On Fri, 2017-07-14 at 11:52 +1000, Benjamin Herrenschmidt wrote:
> There's a somewhat architectural issue with Radix MMU and KVM.
> 
> When coming out of a guest with AIL (ie, MMU enabled), we start
> executing hypervisor code with the PID register still containing
> whatever the guest has been using.
> 
> The problem is that the CPU can (and will) then start prefetching
> or speculatively load from whatever host context has that same
> PID (if any), thus bringing translations for that context into
> the TLB, which Linux doesn't know about.
> 
> This can cause stale translations and subsequent crashes.
> 
> Fixing this in a way that is neither racy nor a huge performance
> impact is difficult. We could just make the host invalidations
> always use broadcast forms but that would hurt single threaded
> programs for example.
> 
> We chose to fix it instead by partitioning the PID space between
> guest and host. This is possible because today Linux only use 19
> out of the 20 bits of PID space, so existing guests will work
> if we make the host use the top half of the 20 bits space.
> 
> We additionally add a property to indicate to Linux the size of
> the PID register which will be useful if we eventually have
> processors with a larger PID space available.
> 
> There is still an issue with malicious guests purposefully setting
> the PID register to a value in the host range. Hopefully future HW
> can prevent that, but in the meantime, we handle it with a pair of
> kludges:
> 
>  - On the way out of a guest, before we clear the current VCPU
> in the PACA, we check the PID and if it's outside of the permitted
> range we flush the TLB for that PID.
> 
>  - When context switching, if the mm is "new" on that CPU (the
> corresponding bit was set for the first time in the mm cpumask), we
> check if any sibling thread is in KVM (has a non-NULL VCPU pointer
> in the PACA). If that is the case, we also flush the PID for that
> CPU (core).
> 
> This second part is needed to handle the case where a process is
> migrated (or starts a new pthread) on a sibling thread of the CPU
> coming out of KVM, as there's a window where stale translations
> can exist before we detect it and flush them out.
> 
> A future optimization could be added by keeping track of whether
> the PID has ever been used and avoid doing that for completely
> fresh PIDs.
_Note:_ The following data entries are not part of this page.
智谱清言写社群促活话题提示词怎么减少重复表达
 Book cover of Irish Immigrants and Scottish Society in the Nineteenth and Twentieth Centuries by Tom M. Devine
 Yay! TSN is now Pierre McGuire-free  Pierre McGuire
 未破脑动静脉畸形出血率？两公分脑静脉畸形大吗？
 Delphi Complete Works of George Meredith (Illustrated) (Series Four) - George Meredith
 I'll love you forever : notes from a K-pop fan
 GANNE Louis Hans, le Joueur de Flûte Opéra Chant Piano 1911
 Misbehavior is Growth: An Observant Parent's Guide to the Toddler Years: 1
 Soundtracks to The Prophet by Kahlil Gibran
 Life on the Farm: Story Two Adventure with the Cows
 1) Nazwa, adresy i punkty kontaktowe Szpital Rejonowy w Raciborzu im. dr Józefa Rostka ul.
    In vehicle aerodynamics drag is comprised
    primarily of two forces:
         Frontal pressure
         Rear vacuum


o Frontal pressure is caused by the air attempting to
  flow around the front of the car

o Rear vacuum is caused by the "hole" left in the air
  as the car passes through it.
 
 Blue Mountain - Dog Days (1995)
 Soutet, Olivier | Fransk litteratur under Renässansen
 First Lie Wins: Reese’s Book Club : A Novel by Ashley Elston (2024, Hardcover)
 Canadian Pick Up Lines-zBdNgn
We could similarily mark PIDs that have been the subject of
> a global invalidation as "fresh". But for now this will do.
> 
> Signed-off-by: Benjamin Herrenschmidt <b...@kernel.crashing.org>
> ---
> ---
>  arch/powerpc/include/asm/book3s/64/mmu.h           | 15 ++++----
>  .../powerpc/include/asm/book3s/64/tlbflush-radix.h |  3 ++
>  arch/powerpc/include/asm/mmu_context.h             | 25 +++++++++----
>  arch/powerpc/kernel/head_32.S                      |  6 +--
>  arch/powerpc/kernel/swsusp.c                       |  2 +-
>  arch/powerpc/kvm/book3s_32_sr.S                    |  2 +-
>  arch/powerpc/kvm/book3s_hv_rmhandlers.S            | 12 ++++++
>  arch/powerpc/mm/mmu_context_book3s64.c             | 43 
> ++++++++++++++++++++--
>  arch/powerpc/mm/mmu_context_nohash.c               |  4 +-
>  arch/powerpc/mm/pgtable-radix.c                    | 31 +++++++++++++++-
>  arch/powerpc/mm/pgtable_64.c                       |  3 ++
>  arch/powerpc/mm/tlb-radix.c                        | 10 +++--
>  drivers/cpufreq/pmac32-cpufreq.c                   |  2 +-
>  drivers/macintosh/via-pmu.c                        |  4 +-
>  14 files changed, 131 insertions(+), 31 deletions(-)
> 
> diff --git a/arch/powerpc/include/asm/book3s/64/mmu.h 
> b/arch/powerpc/include/asm/book3s/64/mmu.h
> index 77529a3..5b4023c 100644
> --- a/arch/powerpc/include/asm/book3s/64/mmu.h
> +++ b/arch/powerpc/include/asm/book3s/64/mmu.h
> @@ -59,13 +59,14 @@ extern struct patb_entry *partition_tb;
>  #define PRTS_MASK    0x1f            /* process table size field */
>  #define PRTB_MASK    0x0ffffffffffff000UL
>  
> -/*
> - * Limit process table to PAGE_SIZE table. This
> - * also limit the max pid we can support.
> - * MAX_USER_CONTEXT * 16 bytes of space.
> - */
> -#define PRTB_SIZE_SHIFT      (CONTEXT_BITS + 4)
> -#define PRTB_ENTRIES (1ul << CONTEXT_BITS)
> +/* Number of supported PID bits */
> +extern unsigned int mmu_pid_bits;
> +
> +/* Base PID to allocate from */
> +extern unsigned int mmu_base_pid;
> +
> +#define PRTB_SIZE_SHIFT      (mmu_pid_bits + 4)
> +#define PRTB_ENTRIES (1ul << mmu_pid_bits)
>  
>  /*
>   * Power9 currently only support 64K partition table size.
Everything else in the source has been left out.